Washington’s counter offer was $2.2 million, so it’s strange that the two sides couldn’t come to a compromise over a gap of just $200,000 and avoid going through with a hearing.
Acquired from the A’s last offseason, Blevins posted an ugly-looking 4.87 ERA in 64 appearances for the Nationals but also had 66 strikeouts in 57 innings and held left-handers to a .160 batting average.
Eduardo Encina of the Baltimore Sun reports that the Orioles “have expressed interest” in free agent right-hander Dustin McGowan.
Once a top prospect and young building block in the Blue Jays’ rotation, McGowan’s career was derailed by numerous injuries and last season he logged more than 25 innings in the majors for the first time since way back in 2008.
McGowan split time between the rotation and bullpen last year, but it sounds like the Orioles are pursuing the 33-year-old strictly as a reliever. Combined during the past two seasons McGowan has a 3.01 ERA and 62/28 K/BB ratio in 69 innings out of the bullpen.

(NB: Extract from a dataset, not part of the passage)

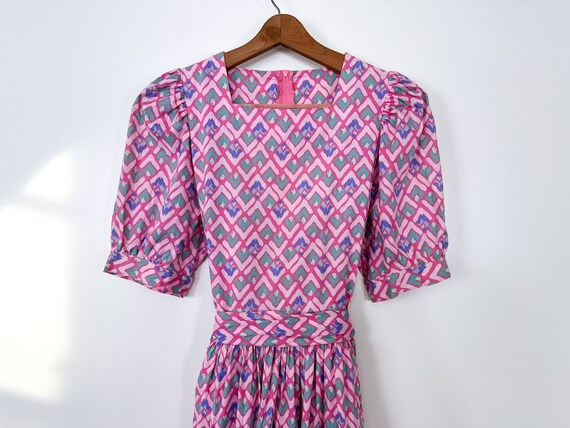 Vintage 80s-90s Size M Laura Ashley Pink Diamond … - image 3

Brewers catcher Jonathan Lucroy is expected to miss 4-6 weeks with what the team is calling a mild right hamstring strain.
Lucroy was fantastic last season, starting 133 games at catcher and hitting .301 with 13 homers, a league-leading 53 doubles, and an .837 OPS on the way to finishing fourth in the MVP balloting behind Clayton Kershaw, Giancarlo Stanton, and Andrew McCutchen.

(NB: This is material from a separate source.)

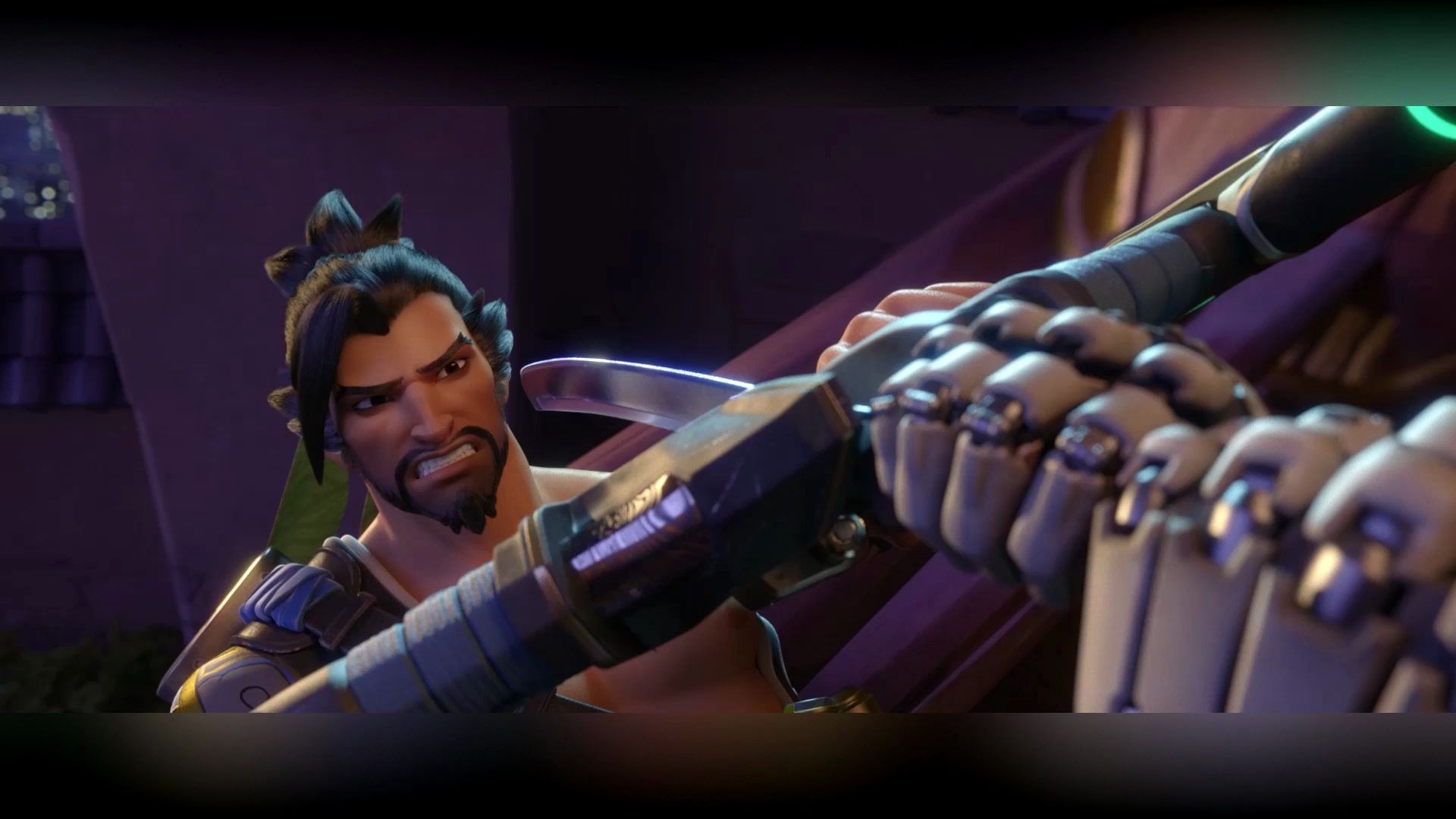 60帧守望先锋cg双龙战斗场面源氏vs半藏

Even missing the full six weeks would give Lucroy enough time to recover before Opening Day, but he’d be starting the season with basically zero spring training action and any setbacks in his rehab could lead to missed regular season games.
Martin Maldonado is the backup catcher and the Brewers liked him enough in that limited role to give him a two-year, $1.95 million deal in January, but he’s a 28-year-old career .225 hitter with a .651 OPS and logged just 126 plate appearances in 2014.
Matt Capps, who’s missed most of the past two seasons with shoulder problems, has agreed to a minor-league contract with the Braves.
Capps was a closer for the Pirates, Nationals, and Twins, totaling 137 saves from 2007-2012, but he hasn’t pitched in the majors since then and spent the past two seasons at Triple-A for the Indians and was mostly on the disabled list there.
Capps is still just 31 years old and if healthy could be a potential setup man for Braves closer Craig Kimbrel.